**TASK**
Repeat exactly the lines that begin at the one containing "사도행전 2:24 KOR Bible Verse Image" and end at the final line of the records; include no pictures and nothing else.

**ENTRIES SUPPLIED**
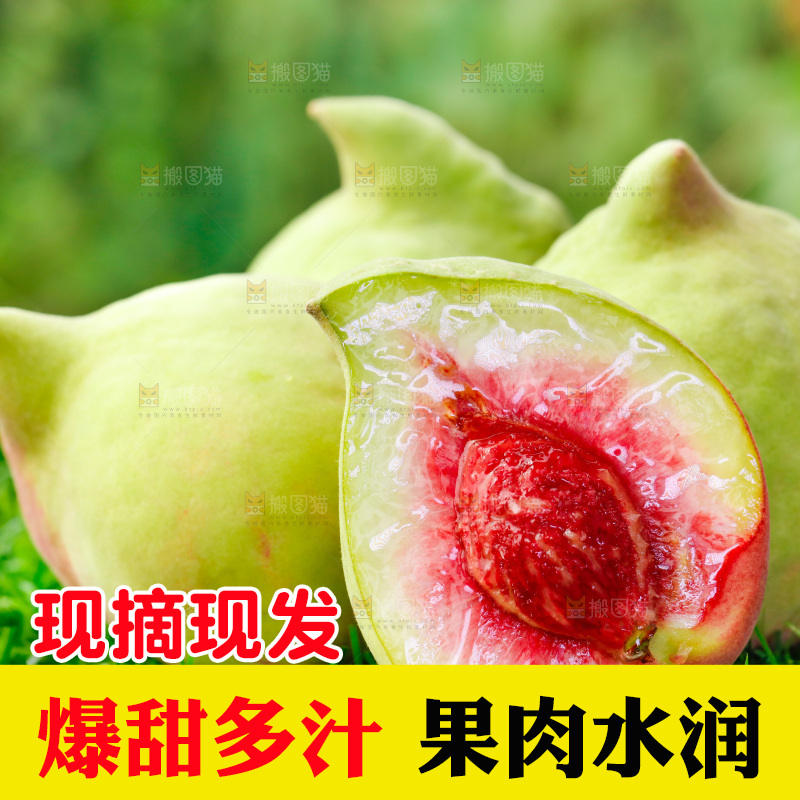 草地上的鹰嘴水蜜桃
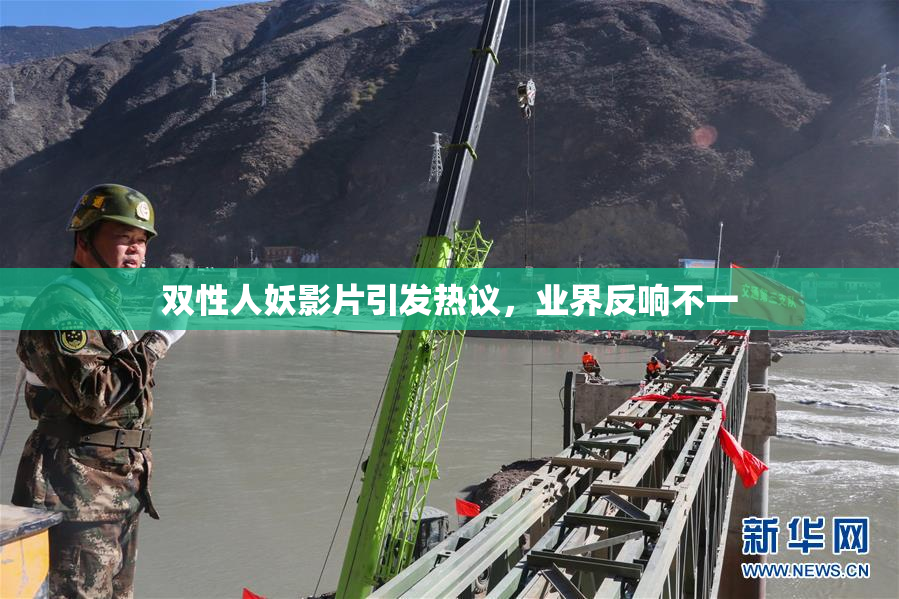 双性人妖影片引发热议，业界反响不一
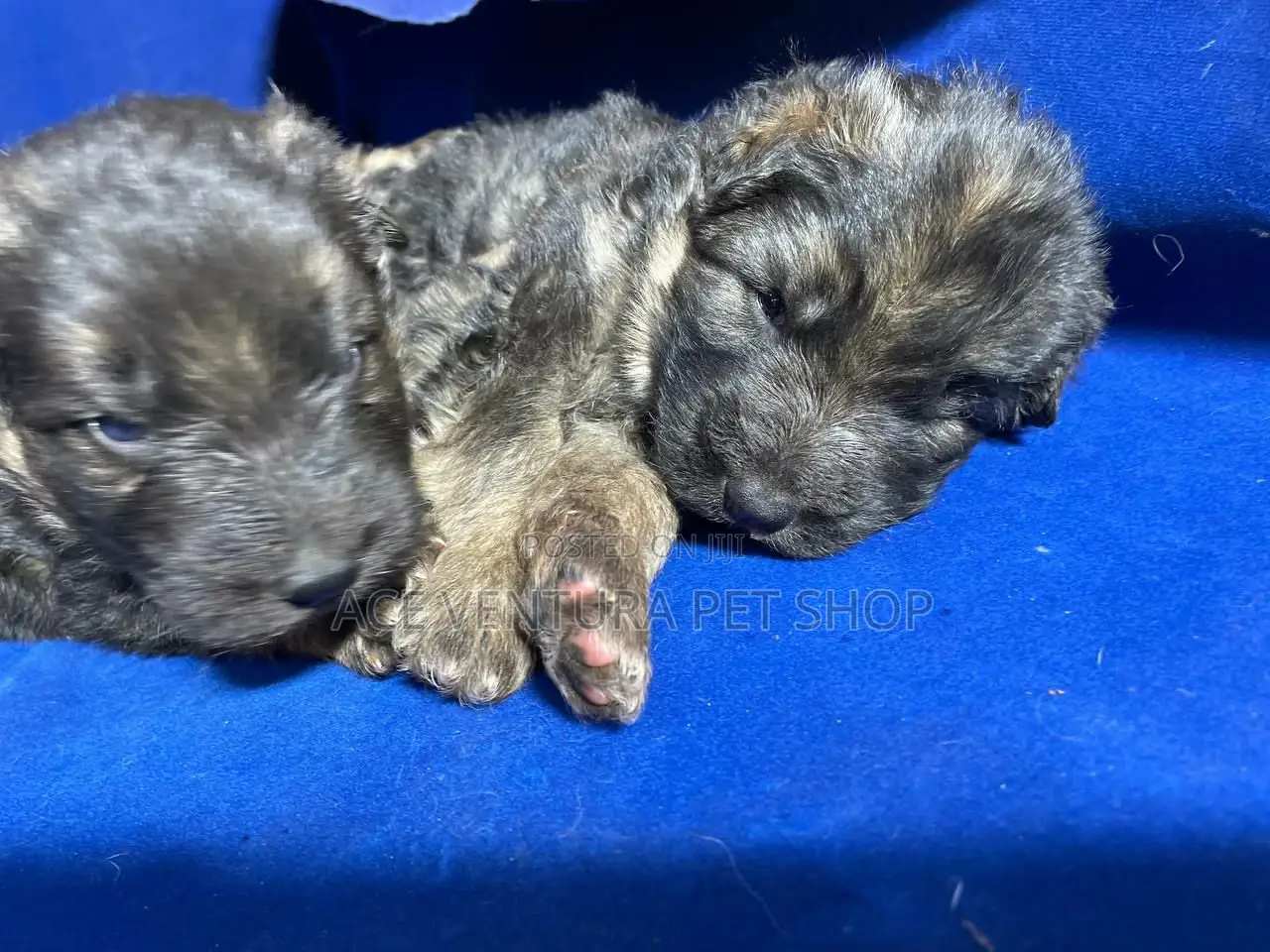 1-3 months Male Purebred German Shepherd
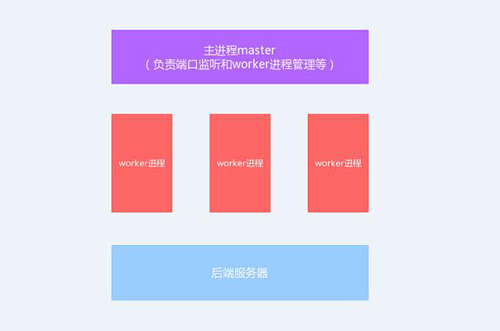 今天我們就來聊聊Nginx服務(wù)器的架構(gòu)！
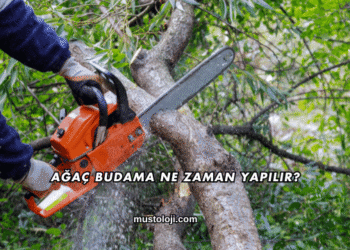 Ağaç Budama Ne Zaman Yapılır?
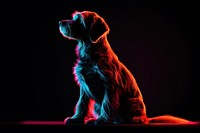 Photography of dog radiant silhouettes animal mammal puppy.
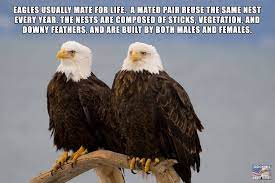 Eagle Memes About Eagles Pagina Inicial Facebook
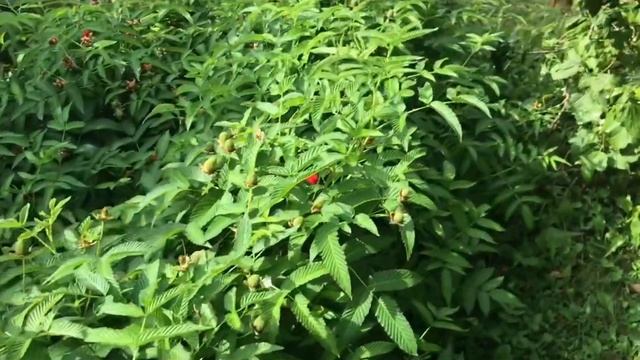 Тибетская малина на вашем участке. Ежеклубника -новые растения на даче. смотреть онлайн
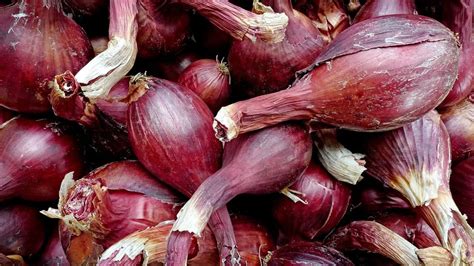 Can I plant last year’s shallots? - Gardening Channel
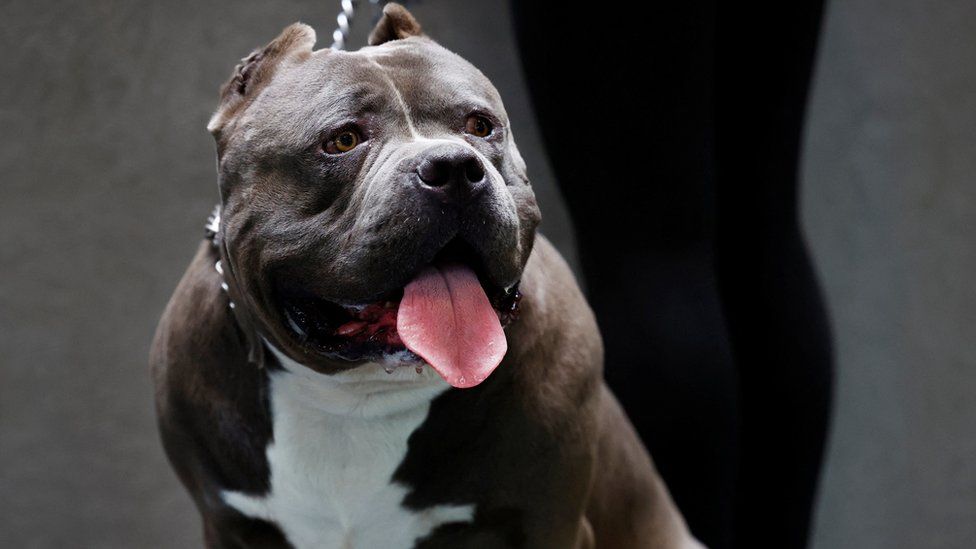 What is an American bully XL and should the breed be banned?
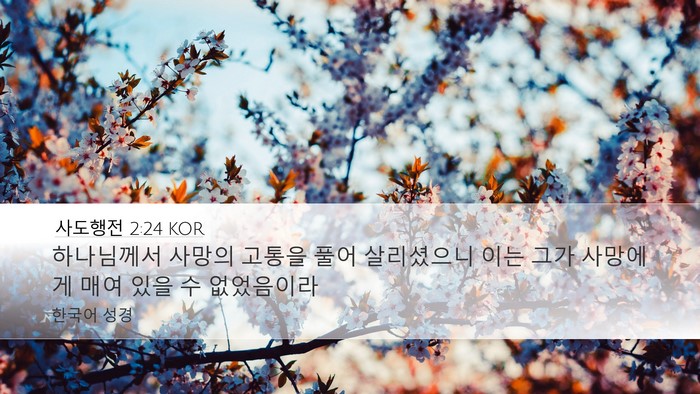 사도행전 2:24 KOR Bible Verse Image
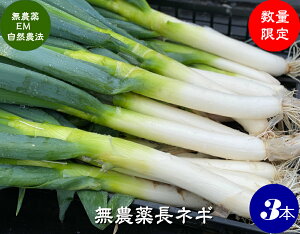  _ EM_@ lM 3{ y_ R_@Y ΐ쌧YEEMہz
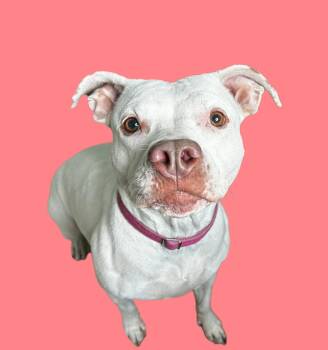 Rescue American Staffordshire Terrier Dogs for Adoption in Brunswick, Ohio - Mavis | PetCurious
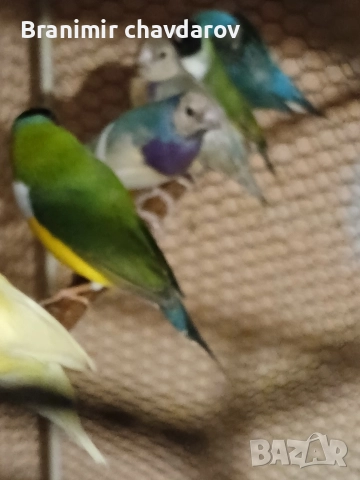 продавам амадини гулдови папагалови диямантени , снимка 7 - Амадини - 52564502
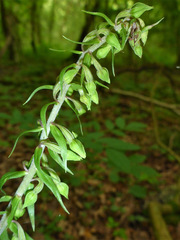 Epipactis purpurata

**RESPONSE**
 사도행전 2:24 KOR Bible Verse Image
  _ EM_@ lM 3{ y_ R_@Y ΐ쌧YEEMہz
 Rescue American Staffordshire Terrier Dogs for Adoption in Brunswick, Ohio - Mavis | PetCurious
 продавам амадини гулдови папагалови диямантени , снимка 7 - Амадини - 52564502
 Epipactis purpurata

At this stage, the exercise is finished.